Proposi allora - dato anche che Valeria disegna molto bene e con molta disinvoltura - di invitarla a disegnare quest'incubo per meglio scaricarselo di dosso, ma la ragazzina fece molto di più: ormai rasserenata e consapevole descrisse con cura ogni particolare dell'incubo (vedi le illustrazioni).
A completamento di questi dati aggiungerò ancora alcune precisazioni fornitemi da madre e figlia e le trascrivo fedelmente. 
- Valeria: 
I1  colore  giallo  dei  capelli  della  donna  del disegno non è giusto: erano di un 'biondo vecchio''...un po' arancione con dei filetti di grigio.

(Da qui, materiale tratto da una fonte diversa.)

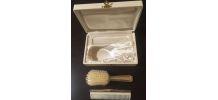 Coffret naissance brosse et peigne métal argenté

E forse non proprio così: un po' più ricciolina...
E.G.L.:
Valeria è nata nella Clinica Universitaria domenica 19 gennaio 1975 alle 23. Pare che un polmone 'non si fosse aperto bene' e la bambina 'non aveva gridato'. Pesava 2750 grammi e nei primi dieci giorni là dentro era diventata 2200 grammi....E' stata quindici giorni in Ospedale: 'davano udienza' soltanto lunedì e venerdì e si poteva solo 'vederli'... Il venerdì dopo il parto mi ero trascinata a vederla: era già in culla termostatica... 
in proposito posso presentare i dati delle cartelle cliniche di madre e figlia dalle quali risultano complicazioni post-partum abbastanza serie per la madre, ma niente di patologico per la bambina - Apgar 9, Rx torace: reperto normale (!!!) -.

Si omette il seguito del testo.